Ataque dos Clones #25

Nesta crónica tenho abordado diversos demakes piratas que, na minha perspetiva desproporcionalmente politizada, são sintomáticos das assimetrias económicas entre os que vivem do lado bom do capitalismo cultural e os que vivem à sombra dos seus interesses.

A ideia de demake representa por si só um constrangimento forçosamente pejorativo. Porque fazer uma versão “inferior” ao que já existe? Quem são os consumidores interessados em obter a versão “simplificada” do produto? E acima de tudo, porquê?

Bio_Hazard_Famicom_Cart

Longe dos critérios “Chomskistas”, um caso semelhante aconteceu no lado “bom” dos videojogos. Estou a referir-me ao estranho caso da hierarquia etária que separou os donos de consolas de sala e os de portáteis.

Se hoje em dia uma parte significativa dos possuidores de 3DS têm-na como alternativa móvel ao hardware caseiro, o mesmo não se pode dizer dos tempos primitivos das primeiras Game Boys. Para muitos putos dos 90 o meio de acesso ao mundo dos jogos fez-se através dos tons de verde dos pequenos ecrãs STN do tijolo japonês. Talvez por não terem acesso ao televisor de casa ou pouca paciência parental para desfrutar do existente, a verdade é que estes jovens representavam um mercado apetecível que a indústria não podia simplesmente ignorar. O resultado? Third-parties abundantes e muitas vezes coincidentes com o lançamento do “jogo de sala” aka jogo a sério.

Se nos primeiros tempos a relação entre uma Master System e uma Game Gear implicam um esforço de adaptação pouco significativo, o mesmo não se pode dizer das produções que colocam em paralelo uma Playstation e uma Game Boy Color. Adaptar um jogo pensado para a 32 bits da Sony aos constrangimentos de um bicho alcalino-dependente implica uma criação de raiz.

Ora criar um novo jogo para uma cambada de putos pouco informados é coisa que não exige grande compromisso qualitativo quando se tem uma franquia de peso. O nosso exemplo de hoje nasce das consequências inesperadas de uma adaptação falhada: Resident Evil 1.

Após o sucesso da versão playstation em 96, a Capcom encomenda aos ingleses da HotGen Studios uma adaptação Game Boy Color. O Resultado, apesar de bastante fidedigno ao original, não impressiona e o projeto é cancelado.*

A Capcom, que ainda não desistiu da ideia, opta por cozinhar internamente uma história original e lança em 2001 Resident Evil Gaiden, um jogo esquecido do público e da crítica.

É neste contexto que nasce o nosso clone.
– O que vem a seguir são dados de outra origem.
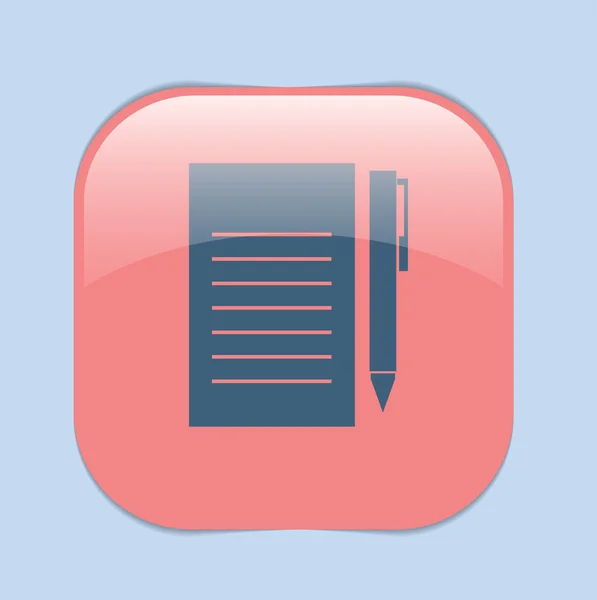 Feuille de papier avec icône de stylo — Image vectorielle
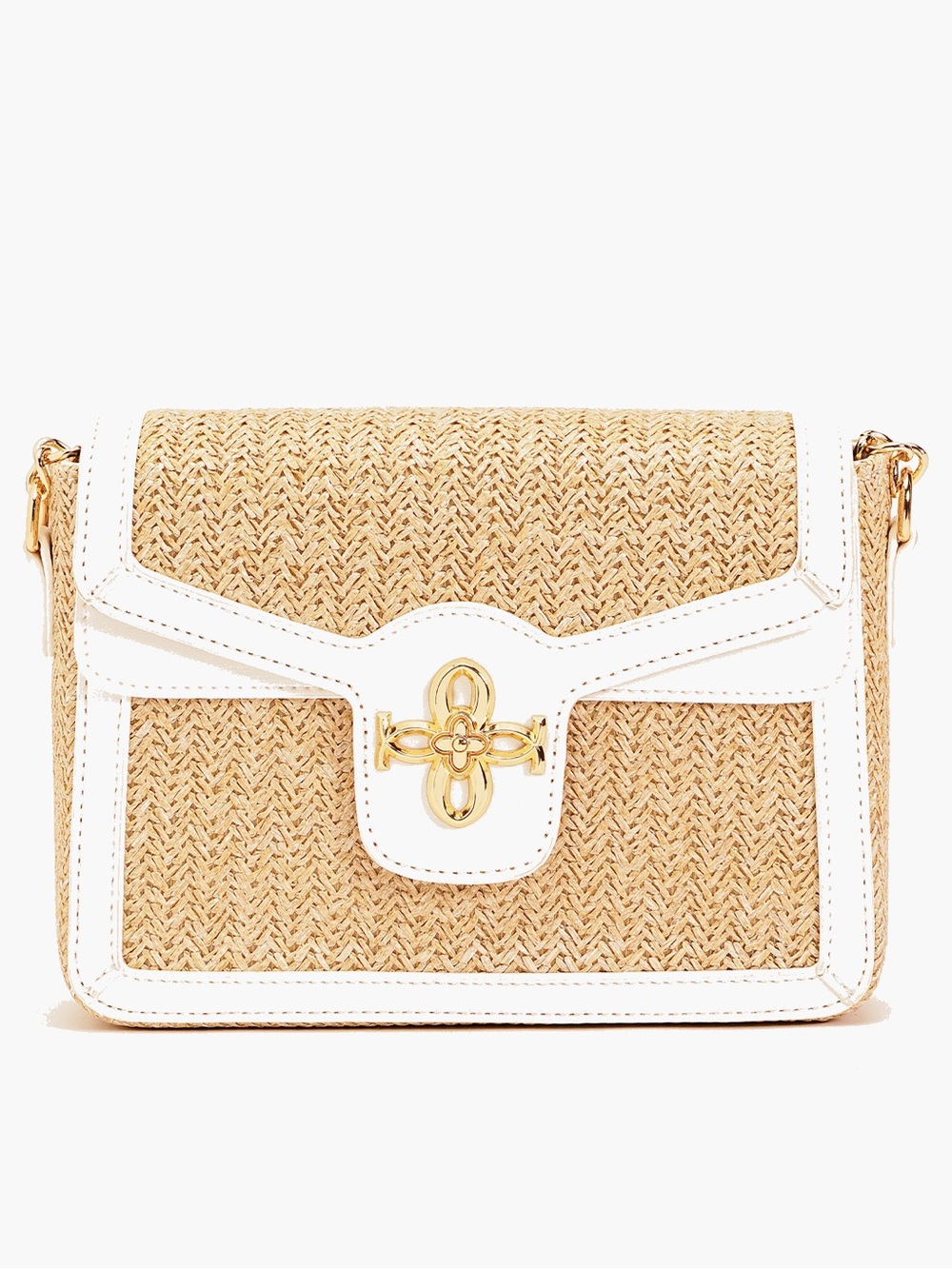 Like Dreams Leather Detailed Straw Crossbody - Like New
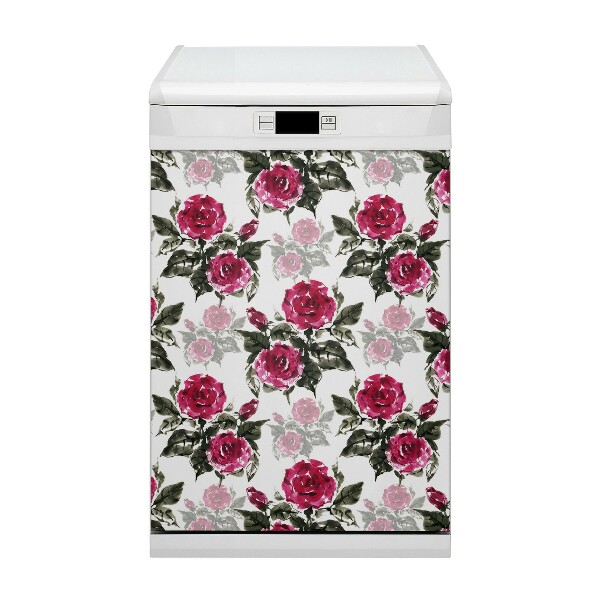 Magnetische Vaatwasser Panel Skin Cover Geschilderde rozen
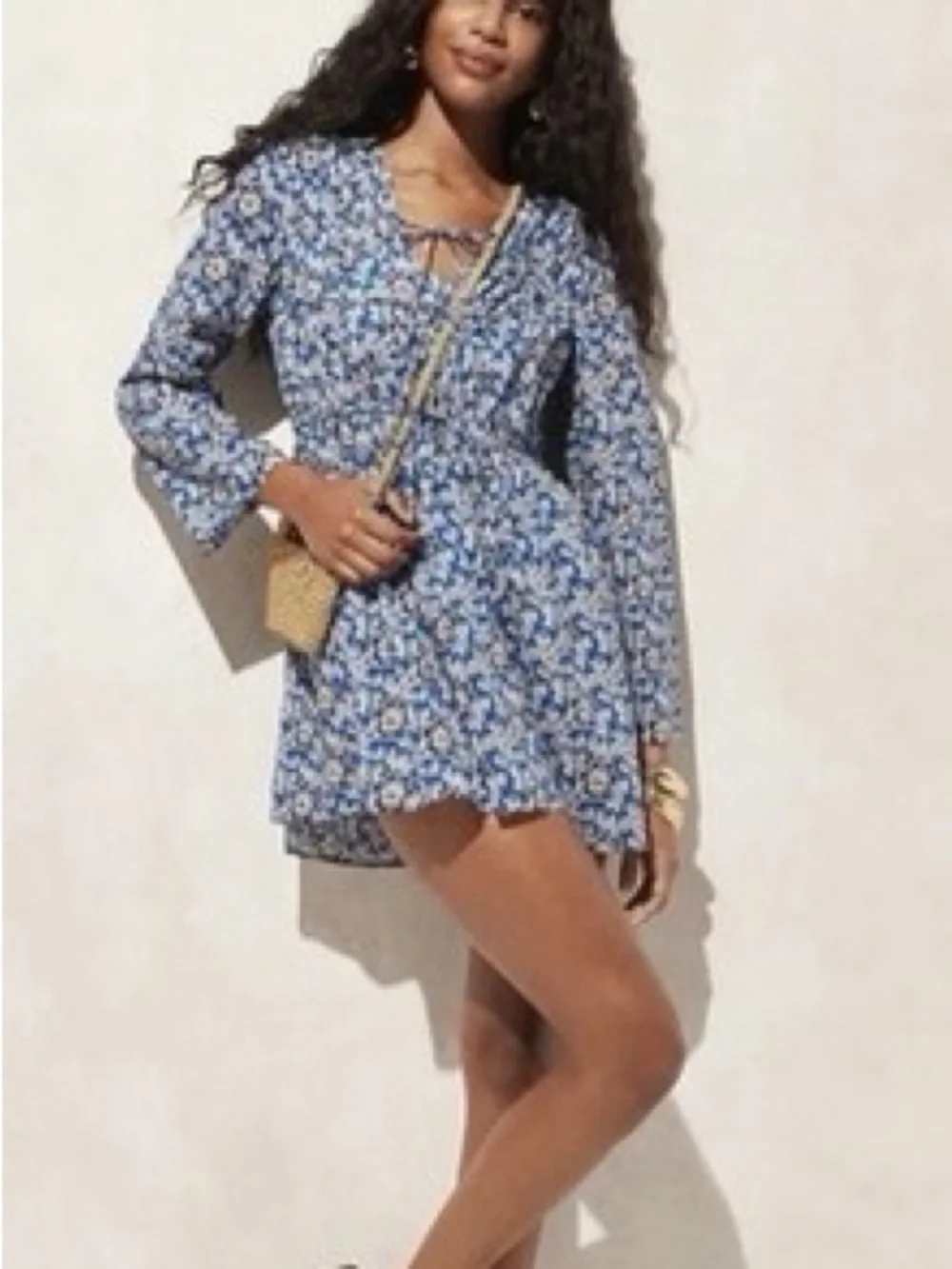 J. crew Tiered tie-front beach dress in cobalt floral cotton voile XL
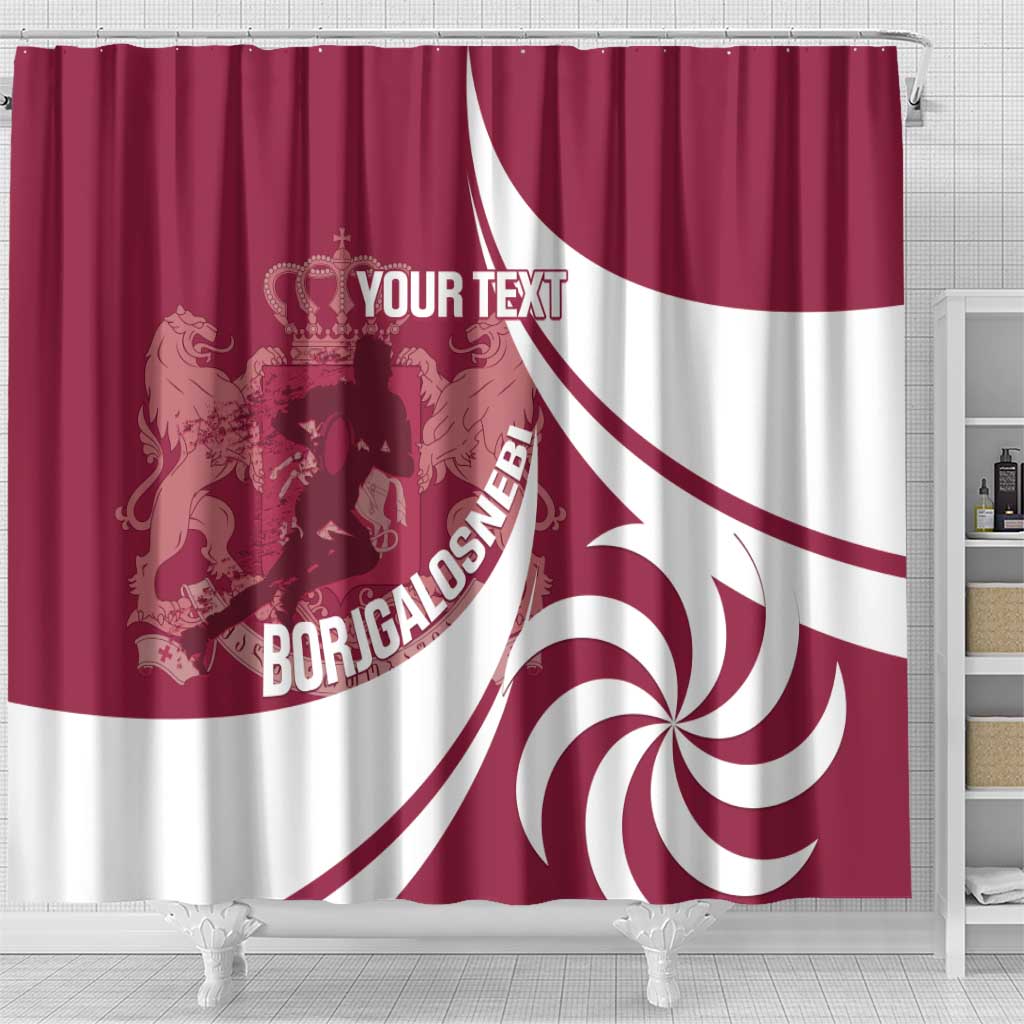 Custom Georgia Rugby Shower Curtain Go Borjgalosnebi LT14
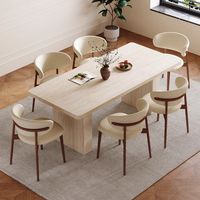 Modernes Rechteckiges Travertin-Schiefer Esszimmer-Set Französischer Retro Mid-Century Stil Tisch und Stuhl für Kleine Räume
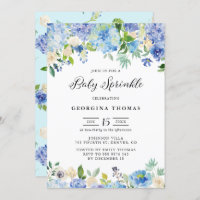 Blue Watercolor Hydrangeas and Roses Baby Sprinkle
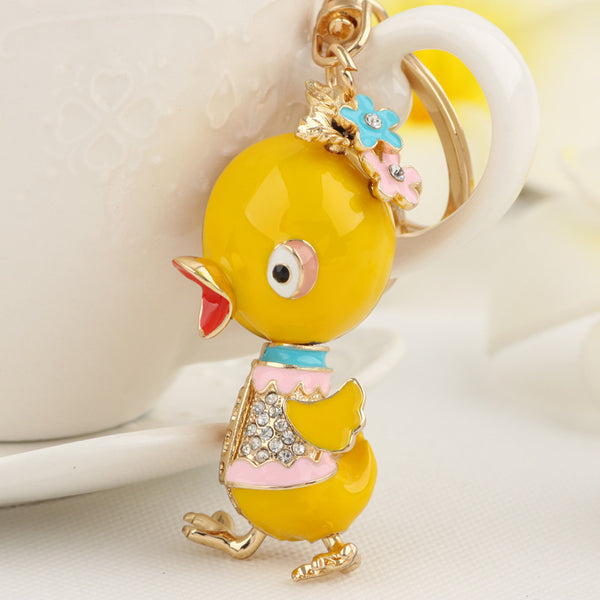 New Cute Rhinestone Yellow Duck Key chains Ring Fashion Crystal Animal Metal Keychain Keyring Gift Purse Handbag Charm Pendant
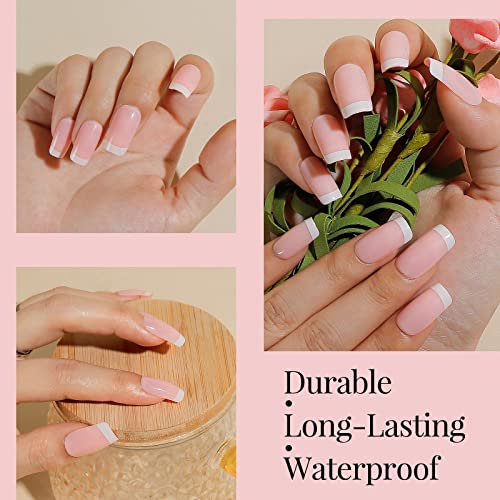 LIARTY 480 Pcs French Press On Nails Medium, French Tip False Nails Manicure, 12 Size Acrylic Full Cover Artificial Fake Nails, Natural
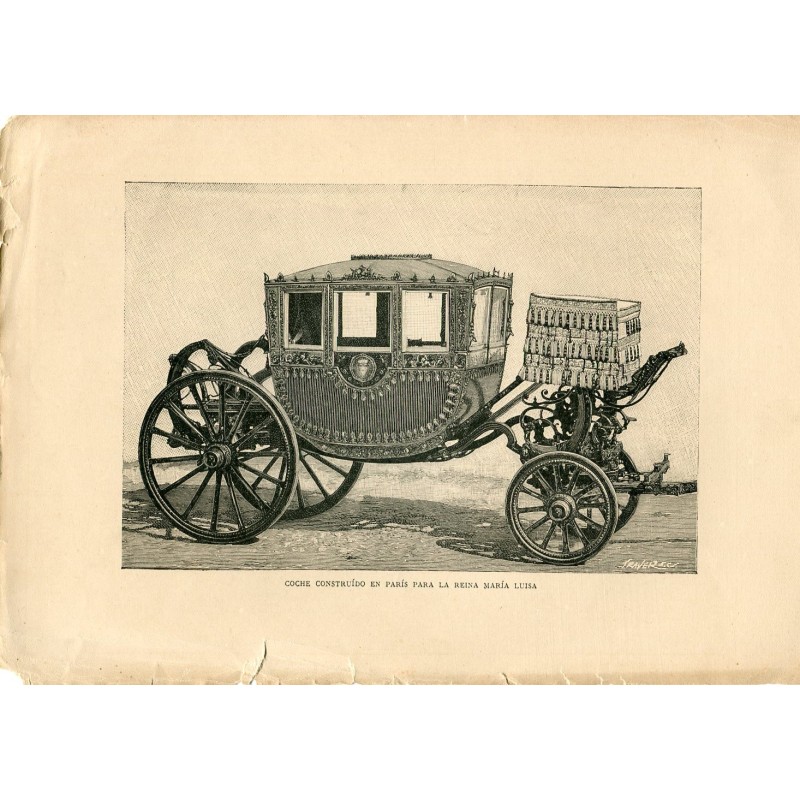 Voiture construite à Paris pour la reine Marie-Louise, photogravée par Traver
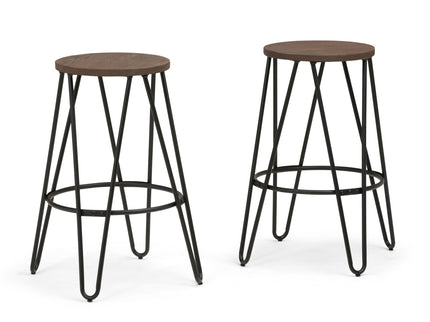Simeon - Multifunctional Metal Stool With Wood Seat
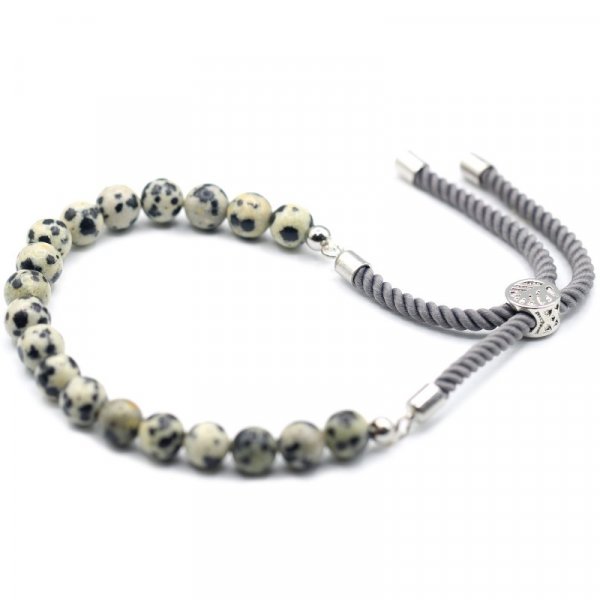 (image for) 925 Silver Plated Gemstone Charcoal String Bracelet - Dalmatian Jasper
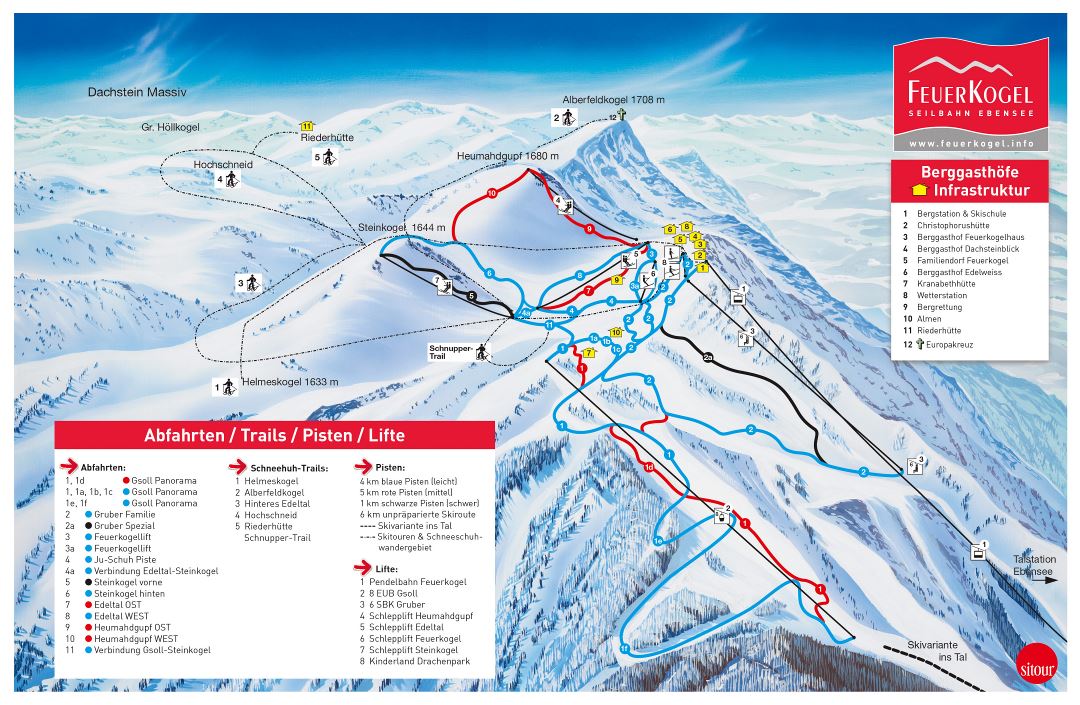 Large detailed piste map of Feuerkogel Ski Resort - 2018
A Waixing lança em 2003 Bio Hazard, uma adaptação da história da versão playstation através do gameplay e visuais de Gaiden, reconciliando assim os dois projetos para o deleite dos amantes de cartuchos amarelos.

Estamos aqui perante um clone competente, fidedigno na história e que só padece dos defeitos herdados de Gaiden. O mais notório reside no sistema de combate. Assim que um inimigo cruza o nosso caminho, entramos numa espécie de jogo de ritmo onde vamos progressivamente perdendo pontos de vida. Enquanto um cursor se desloca a grande velocidade na horizontal, o objetivo passa por acertar no alvo central para atingir o adversário. Cada tentativa equivale a um tiro, sendo que cada tiro é uma bala do nosso arsenal limitado.

Ver reduzido a um simples jogo de ritmo o nosso encontro com zumbis bootlegs é um compromisso técnico difícil de ultrapassar mas conceptualmente justo. Em vez de optar por uma banal opção de shooter, procura criar-se tensão através da necessidade de alguma calma (jogo de ritmo) e a urgência criada pela perda de vida continua.

Resta-me avisar que este clone é impraticável através de um emulador convencional. Se a versão cartucho não sofre de qualquer problema, tentar jogar através da ROM implica levar com um bug fatal de 2 em 2 minutos.

O problema parece atenuar-se com uma versão Debug da ROM compatível exclusivamente com emuladores especializados nas famiclones. Recomenda-se ainda assim jogar através do cartucho original… Se o encontrar. Caso contrário poderão sempre apreciar o “let’s play” completo deste simpático “youtuber” russo.

*Estão disponíveis ROMs do projeto abortado online para quem tiver curiosidade.